Sep 10, 2010 10:49 GMT  ·  By

Researchers have discovered the way that the immune system of a mosquito defeats the malaria-causing parasite.

The Anopheles mosquito is the insect that transmits malaria to people and in some cases it dies because of the disease too, but most of them are able to fight off the infection.

The immune system of a mosquito does not elaborate different strategies for different disease, instead it reacts the same for everything, and because it is able to destroy Plasmodium, the single-celled microbe that causes malaria, it is rather effective.

Vector biologist Janneth Rodrigues and her colleagues at the National Institute of Allergy and Infectious Diseases in Bethesda, Maryland, wanted to find out how did the mosquito's immune system worked on the malaria-causing cirus.

To do that they fed two groups of mosquitoes mouse blood containing Plasmodium, Science NOW reports.

One group became infected and the other did not, as it was placed in a room with a temperature hotter that what the Plasmodium needed to grow.
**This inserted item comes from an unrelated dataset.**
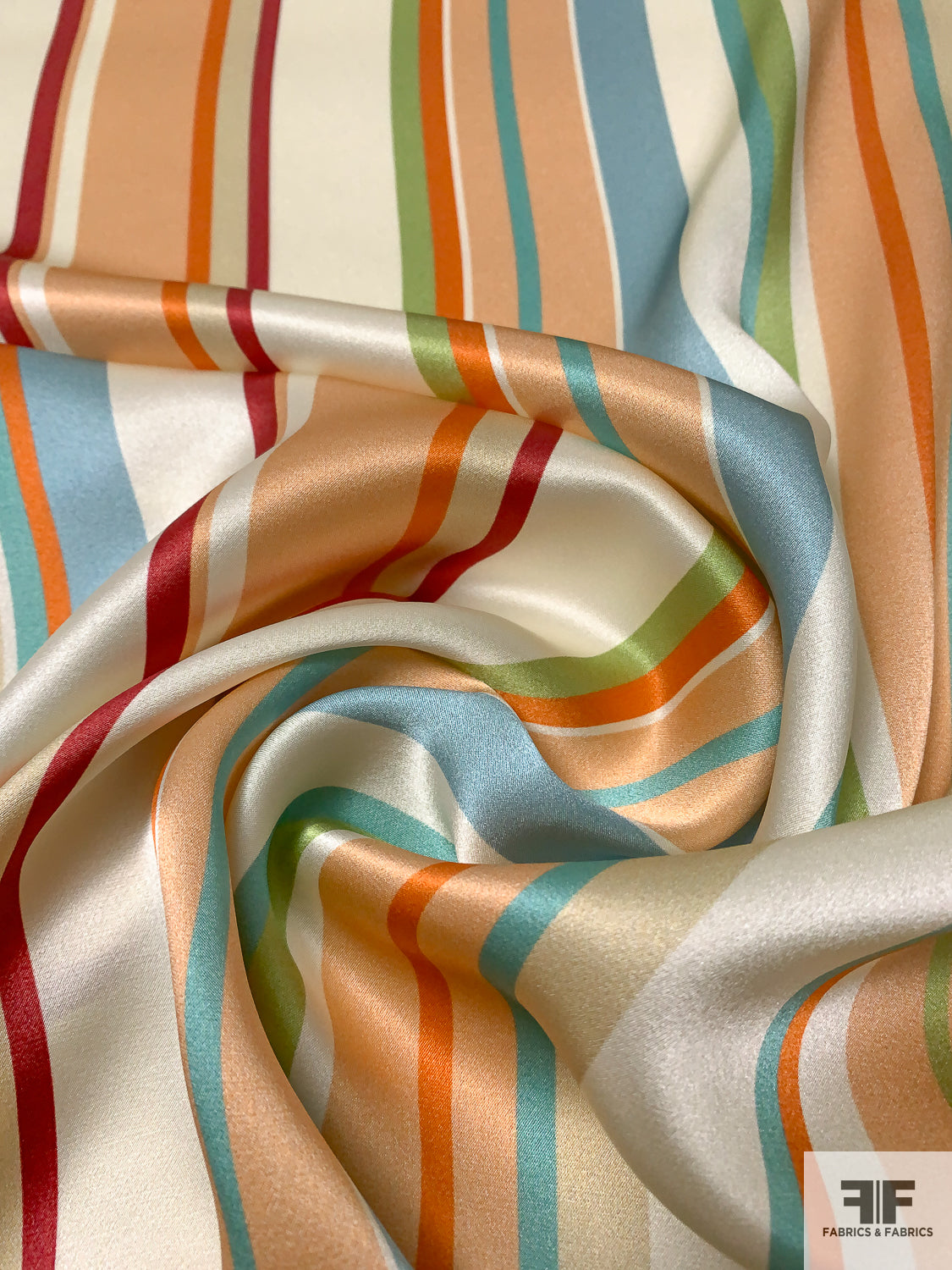 Vertical Multi-Size Striped Printed Silk Charmeuse - Multicolor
A week later when scientists fed both groups the infected blood again, the infected group was better at killing the virus.
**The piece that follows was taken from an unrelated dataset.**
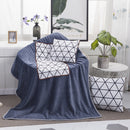 White Diamond Pattern Multifunctional Plush Blanket Square Pillow Quilt Office Car Pillow Cushion, Size : L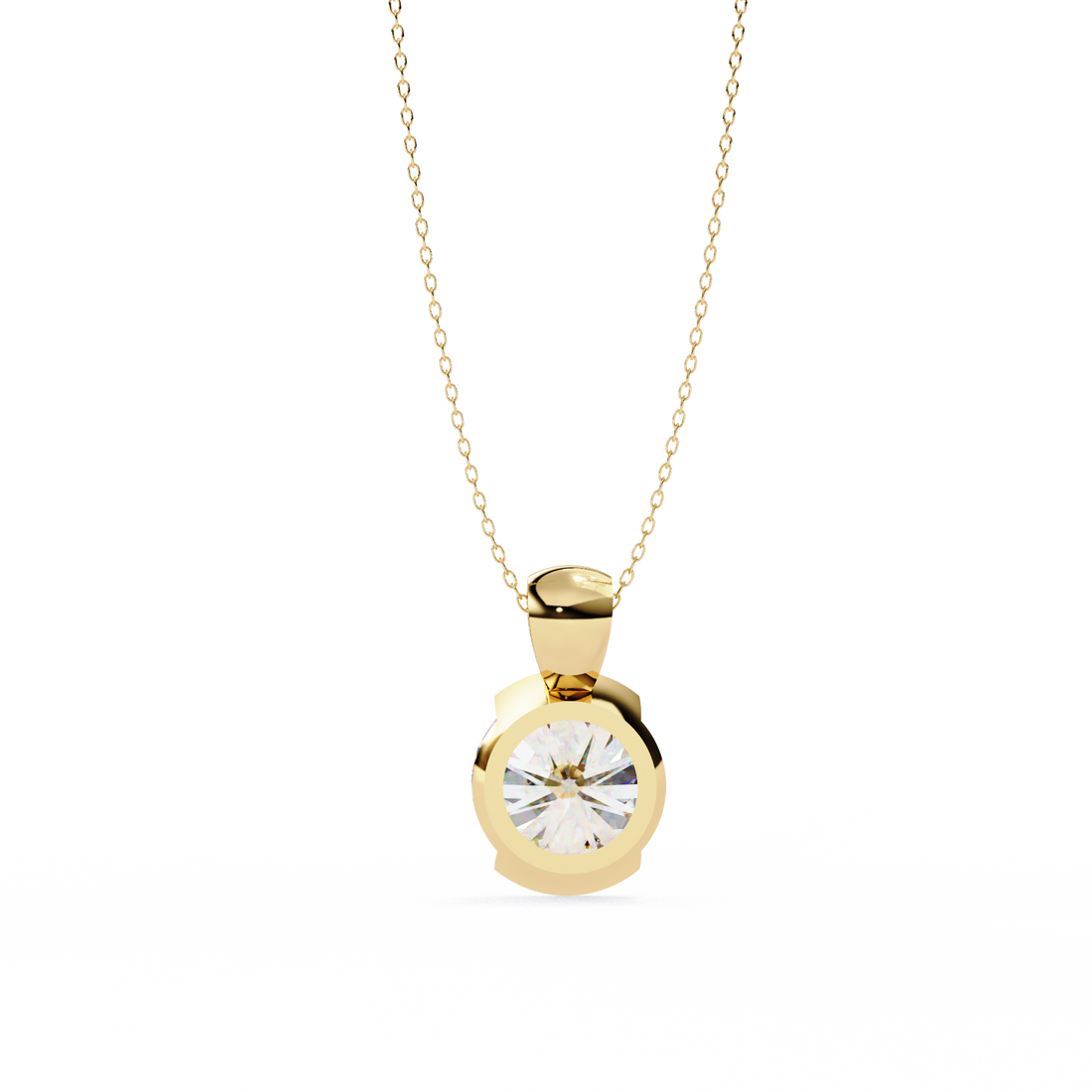 Half Bezel Round Diamond pendant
The researchers analyzed he immune system of the mosquitoes and found two weapons: granulocytes and bacteria.

In the preinfected group, scientists found three times as many granulocytes than in the uninfected group, because when these immune cells detect a foreign body in the blood, they will kill it of have other cells do the job.
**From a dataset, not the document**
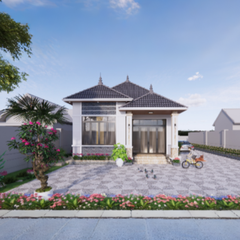 V292 | Bản vẽ thiết kế mẫu nhà vườn mái Nhật hiện đại, 1 tầng 3 phòng ngủ, kích thước 7.5x16m, bản in A3 đẹp, có phối cảnh 3D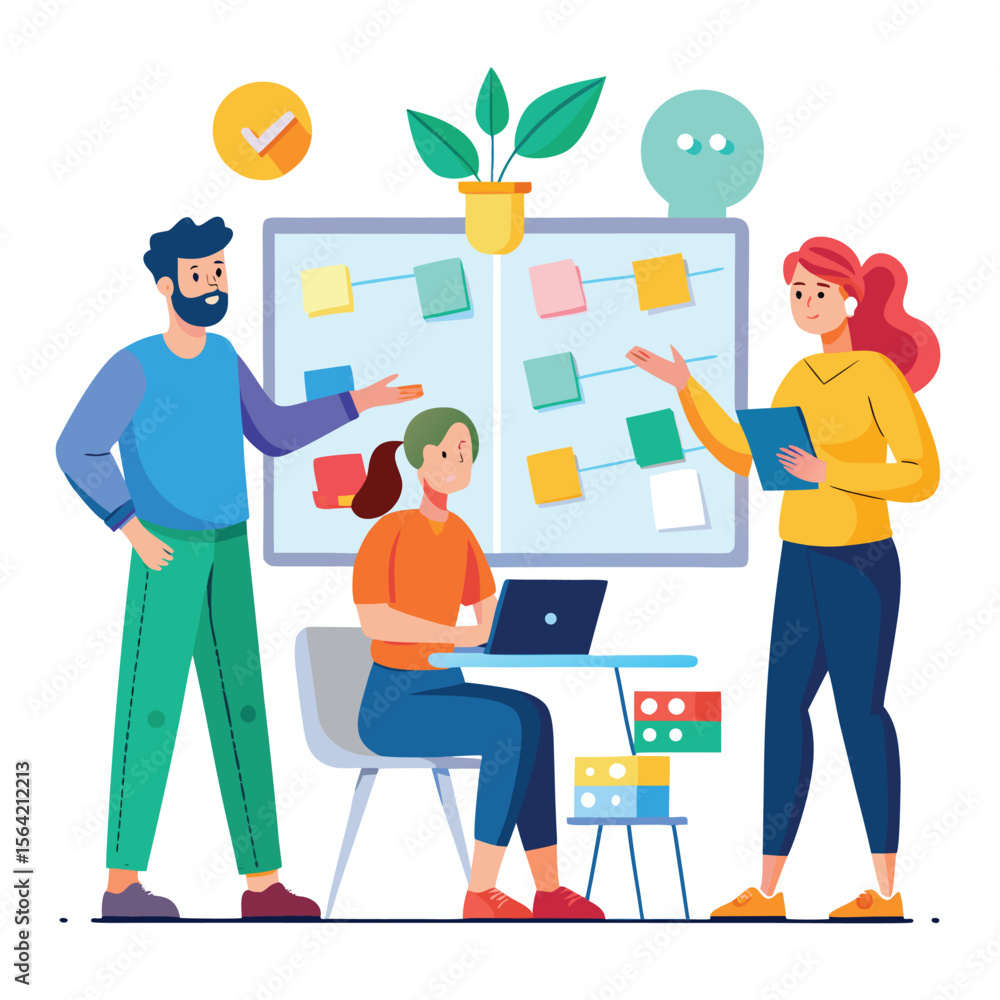 Poster collaborative team discussing project planning and strategy with colorful illustrations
But granulocytes cannot work alone, so the team thought that bacteria might also be involved in the anti-Plasmodium response.

They observed that the parasite weakens the walls of the mosquito's gut, and gut bacteria is spreading in several parts of the body.

This triggers more “baby immune cells” to start turning into granulocytes, which strengthens the immune system and fights the Plasmodium parasite, says vector biologist and co-author Carolina Barillas-Mury.

Of course this was a theory that needed to be tested so the scientists repeated the experiment but gave the mosquitoes antibiotics that wipe out their gut bacteria.

As a result, the preinfected group did not rise its granulocytes level so just as many of its members died as did those in the control group.

After these observations, scientists thought of making a malaria vaccine for mosquitoes so they injected some of the insects with the serum from mosquitoes exposed to Plasmodium, after removing the granulocytes from it.

These mosquitoes had less-intense Plasmodium infections and immunity rates grew by 40% after eating infected blood.

Understanding mosquitoes resistance to malaria has its advantages says vector biologist Marcelo Jacobs-Lorena of John Hopkins University in Baltimore, Maryland.

“Since the mosquito is an essential link for transmission to occur, this is important if we want to eliminate malaria from the mosquito.”

The team reported the findings in the September 10 issue of Science.